◆ GIVEN RECORDS

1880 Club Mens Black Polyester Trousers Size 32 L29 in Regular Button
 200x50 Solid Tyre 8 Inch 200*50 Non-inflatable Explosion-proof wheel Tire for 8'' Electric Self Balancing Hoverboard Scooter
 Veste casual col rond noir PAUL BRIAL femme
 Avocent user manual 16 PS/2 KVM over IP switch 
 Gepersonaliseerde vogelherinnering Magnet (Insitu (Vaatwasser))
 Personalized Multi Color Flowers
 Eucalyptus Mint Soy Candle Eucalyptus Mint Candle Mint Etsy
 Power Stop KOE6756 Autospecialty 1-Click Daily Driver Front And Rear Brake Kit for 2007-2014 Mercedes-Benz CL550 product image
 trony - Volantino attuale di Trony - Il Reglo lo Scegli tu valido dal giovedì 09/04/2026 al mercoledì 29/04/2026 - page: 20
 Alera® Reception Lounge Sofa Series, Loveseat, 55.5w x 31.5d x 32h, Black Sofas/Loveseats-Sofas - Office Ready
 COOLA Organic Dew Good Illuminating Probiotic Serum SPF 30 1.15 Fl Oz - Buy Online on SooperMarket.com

◆ GOAL OF THE EXERCISE
Restate the records above verbatim up to and including the line containing "trony - Volantino".

◆ TASK OUTPUT
1880 Club Mens Black Polyester Trousers Size 32 L29 in Regular Button
 200x50 Solid Tyre 8 Inch 200*50 Non-inflatable Explosion-proof wheel Tire for 8'' Electric Self Balancing Hoverboard Scooter
 Veste casual col rond noir PAUL BRIAL femme
 Avocent user manual 16 PS/2 KVM over IP switch 
 Gepersonaliseerde vogelherinnering Magnet (Insitu (Vaatwasser))
 Personalized Multi Color Flowers
 Eucalyptus Mint Soy Candle Eucalyptus Mint Candle Mint Etsy
 Power Stop KOE6756 Autospecialty 1-Click Daily Driver Front And Rear Brake Kit for 2007-2014 Mercedes-Benz CL550 product image
 trony - Volantino attuale di Trony - Il Reglo lo Scegli tu valido dal giovedì 09/04/2026 al mercoledì 29/04/2026 - page: 20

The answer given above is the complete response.